HHIS is not trying to beat tech. It is trying to reshape it into consistent cash flow. For investors who want strong, consistent cash flow and are willing to sacrifice significant upside to get it, HHIS absolutely has a place. If you are interested in HHIS, don’t forget to put in a whole heaping helping of due diligence before you place any of your hard-earned money on the table.

H3: Final Takeaway for Tech Income Investors

A year later, we can confidently say that HHIS has been successful at achieving what it set out to do. It converted significant upside growth into a consistent, monthly cash flow, and over its first year, it managed to provide a total return that was slightly higher than its benchmark.

The catch, of course, is that negative ROI. In a flat or down market for tech, this aggressive income strategy could have even steeper capital losses. A year from now, will we be asking if that negative ROI was too high? That remains to be seen. But for now, HHIS has proven it is a powerful (and aggressive) tool for income first, growth second.

Let’s continue that learning journey.


(FAQ)

Q1: What is the main source of the 30% yield in HHIS?

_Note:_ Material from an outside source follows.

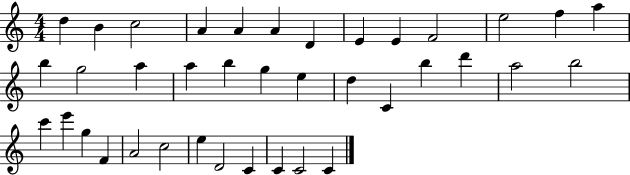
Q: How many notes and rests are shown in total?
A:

A1: The high yield is generated through a covered call strategy, where the fund sells call options on up to 50% of its holdings, and the use of approximately 25% leverage to amplify returns and income.


Q2: How did HHIS’s performance compare to its NASDAQ benchmark in its first year?

A2: While HHIS experienced negative price depreciation (-0.83%), its total return (including all distributions) was 27.60%, slightly beating the NASDAQ’s total return for the same period.


Q3: Is HHIS a good investment for a pure growth investor?

A3: No. Due to the covered call strategy, HHIS sacrifices a significant amount of capital appreciation. It is designed as an “income-first” vehicle for investors who prioritize monthly cash flow.